** Work instruction **
Give an unaltered copy of the listing below, minus its pictures.

** Record excerpts **
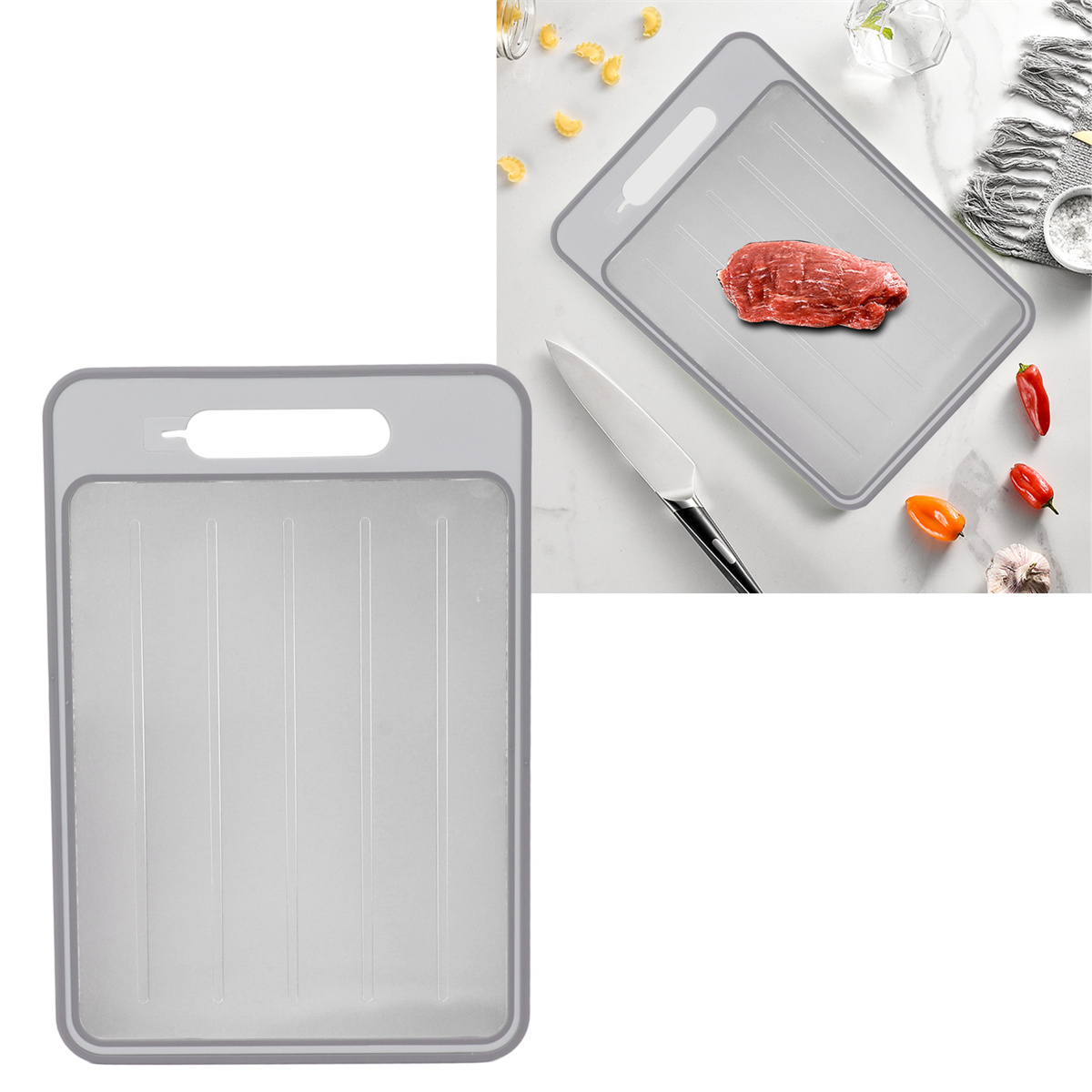 Zwei Schneidebretter. Eines mit Fleisch und einem Messer. Das andere ist leer.
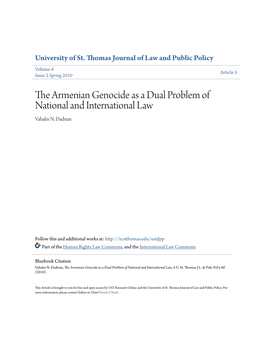 The Armenian Genocide As a Dual Problem of National and International Law Vahakn N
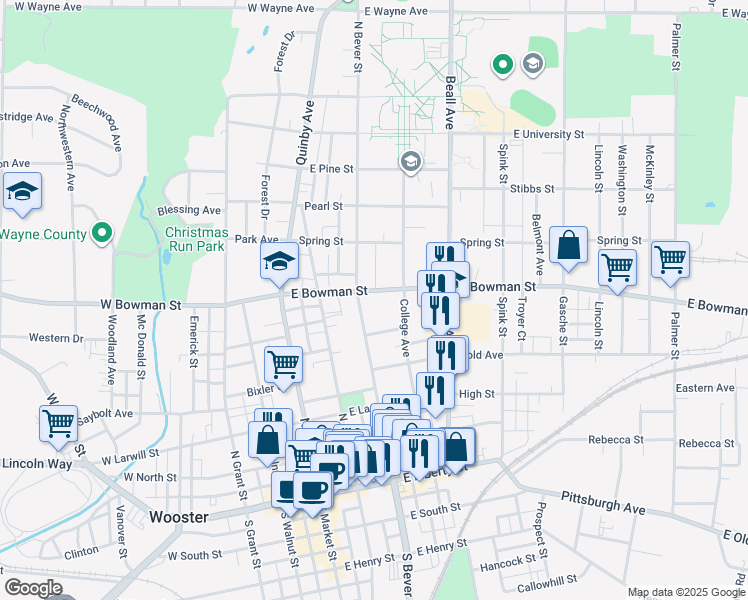map of restaurants, bars, coffee shops, grocery stores, and more near 323 East Bowman Street in Wooster
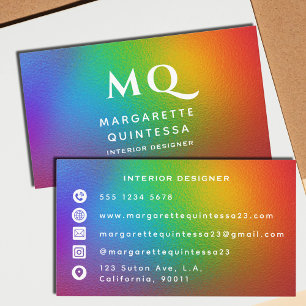 Tarjeta De Visita Iniciales modernas y coloridas del monograma blanc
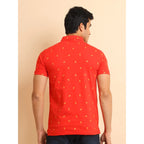 Generic Men's Casual Cotton Printed Polo Neck Half Sleeve T-Shirt (Red)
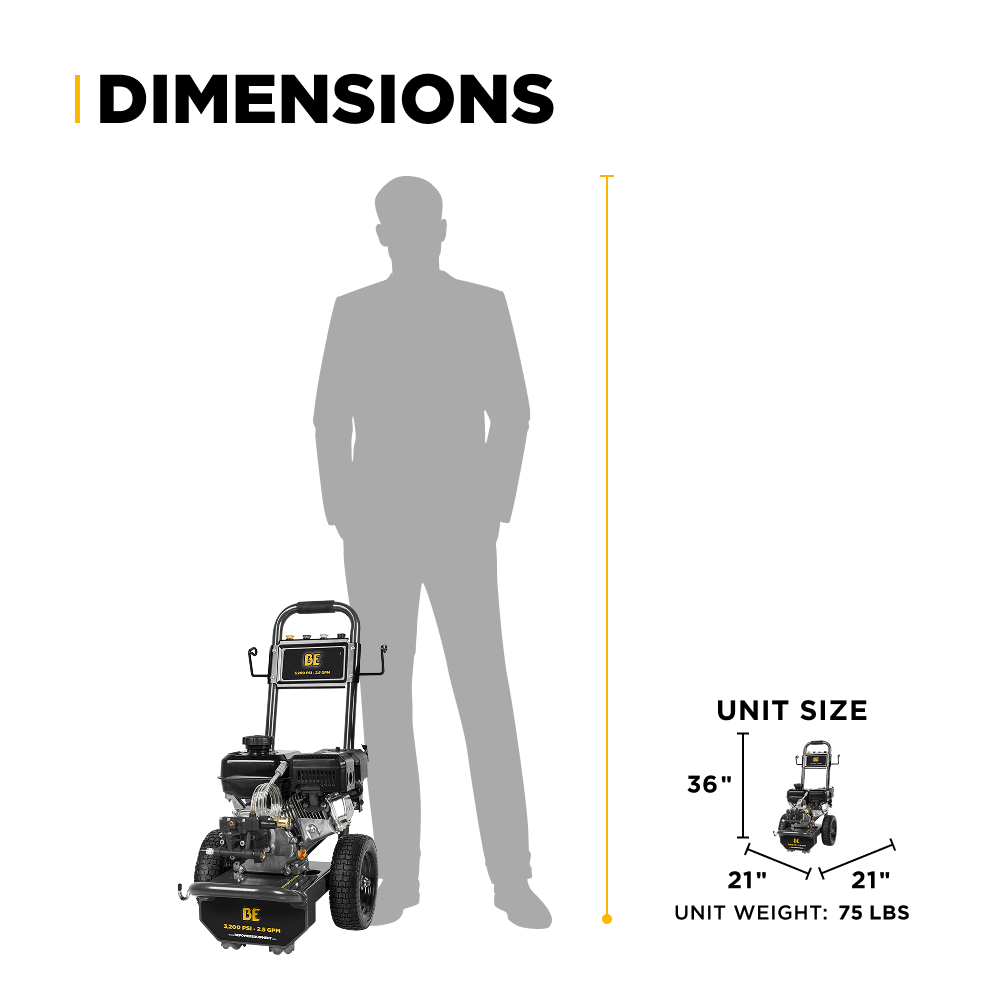 3,200 PSI 2.5 GPM Cold Water Gas Pressure Washer Powerease 212CC Engine and CP Axial Pump - B327PX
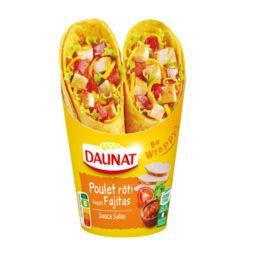 Daunat Daunat Be Wrappy ! - Sandwich poulet rôti façon Fajitas sauce salsa le paquet de 2 - 190 g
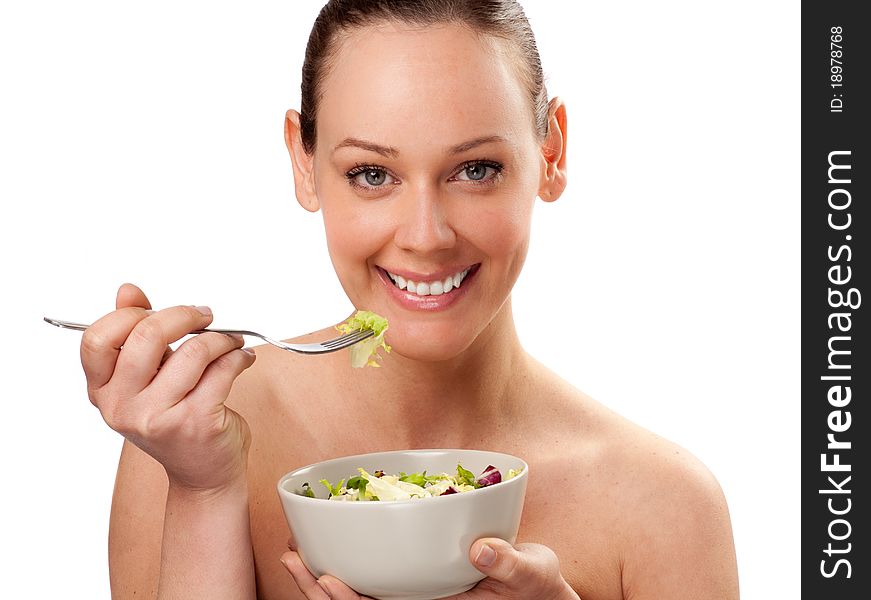 Beautiful Young Female Face With Fresh Salad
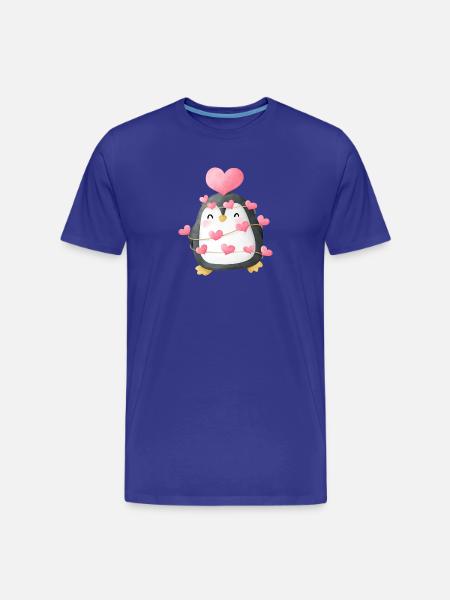 Kærlig pingvin med hjertedekoration - Herre Premium T-shirt økologisk - kongeblå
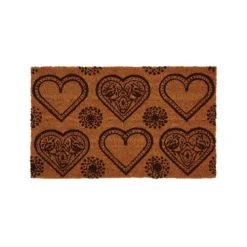 Aubry Gaspard Paillasson Coco Intérieur Extérieur 75 X 45 Cm 6 Coeurs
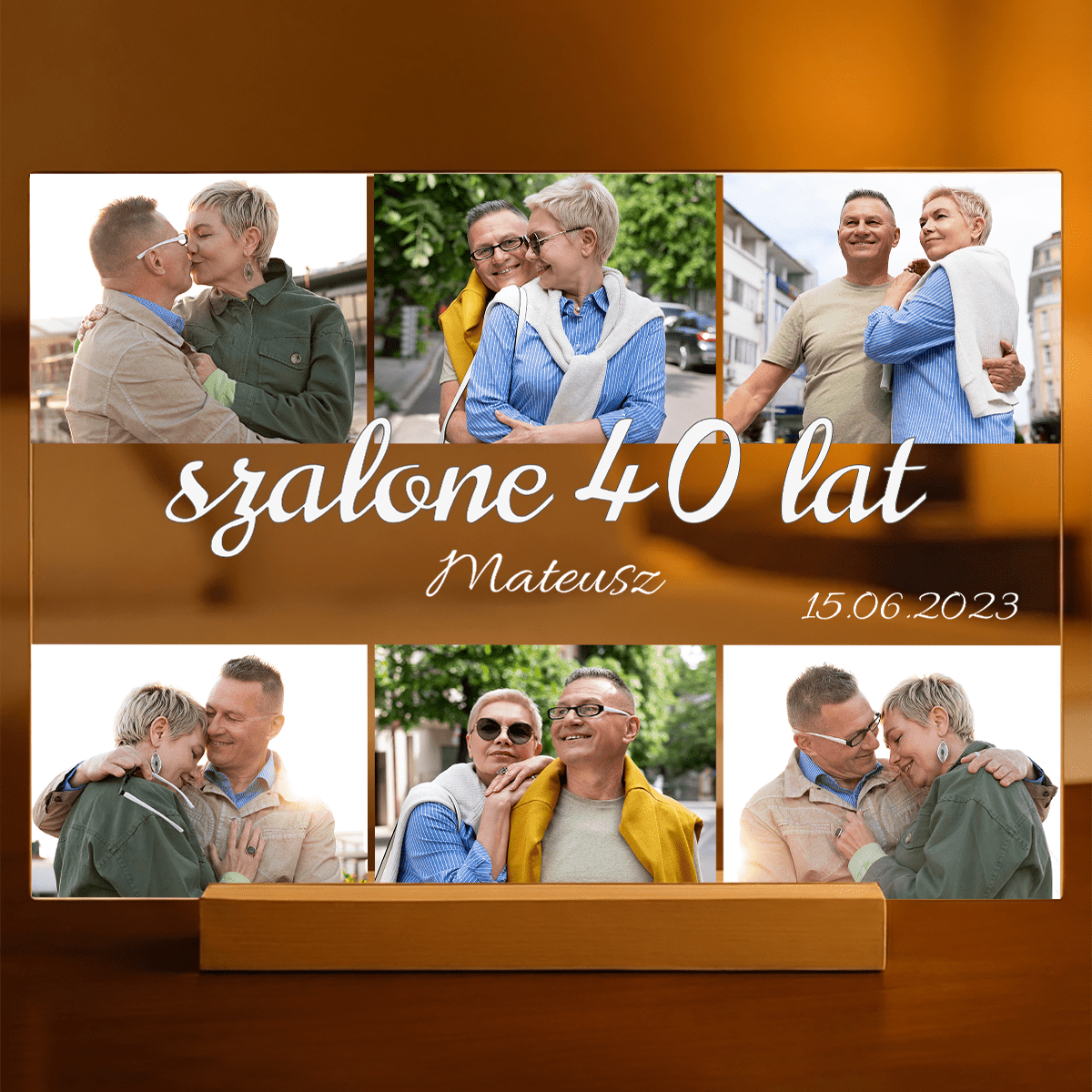 Szalone 40 lat - Druk na szkle, spersonalizowany prezent dla męża - idamell.com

** Solved exercise **
 Zwei Schneidebretter. Eines mit Fleisch und einem Messer. Das andere ist leer.
 The Armenian Genocide As a Dual Problem of National and International Law Vahakn N
map of restaurants, bars, coffee shops, grocery stores, and more near 323 East Bowman Street in Wooster
 Tarjeta De Visita Iniciales modernas y coloridas del monograma blanc
 Generic Men's Casual Cotton Printed Polo Neck Half Sleeve T-Shirt (Red)
 3,200 PSI 2.5 GPM Cold Water Gas Pressure Washer Powerease 212CC Engine and CP Axial Pump - B327PX
 Daunat Daunat Be Wrappy ! - Sandwich poulet rôti façon Fajitas sauce salsa le paquet de 2 - 190 g
 Beautiful Young Female Face With Fresh Salad
 Kærlig pingvin med hjertedekoration - Herre Premium T-shirt økologisk - kongeblå
 Aubry Gaspard Paillasson Coco Intérieur Extérieur 75 X 45 Cm 6 Coeurs
 Szalone 40 lat - Druk na szkle, spersonalizowany prezent dla męża - idamell.com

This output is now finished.